:: Task to complete ::
Without the pictures, print each of the records below exactly as it appears.

Items listed in a dataset
------------------------------------------------------------
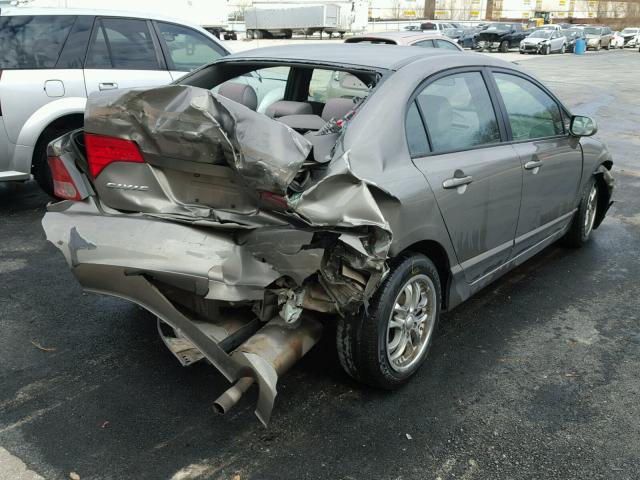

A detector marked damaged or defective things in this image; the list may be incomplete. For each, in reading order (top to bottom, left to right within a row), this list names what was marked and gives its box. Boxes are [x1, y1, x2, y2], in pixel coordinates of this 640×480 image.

broken tail light [48, 157, 82, 200]
broken tail light [84, 133, 143, 178]
torn metal panel [85, 84, 312, 195]
crushed rear end [42, 85, 396, 424]
severely damaged honda civic [41, 45, 616, 424]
------------------------------------------------------------
:: Solution to this exercise ::
A detector marked damaged or defective things in this image; the list may be incomplete. For each, in reading order (top to bottom, left to right within a row), this list names what was marked and gives its box. Boxes are [x1, y1, x2, y2], in pixel coordinates of this 640×480 image.

broken tail light [48, 157, 82, 200]
broken tail light [84, 133, 143, 178]
torn metal panel [85, 84, 312, 195]
crushed rear end [42, 85, 396, 424]
severely damaged honda civic [41, 45, 616, 424]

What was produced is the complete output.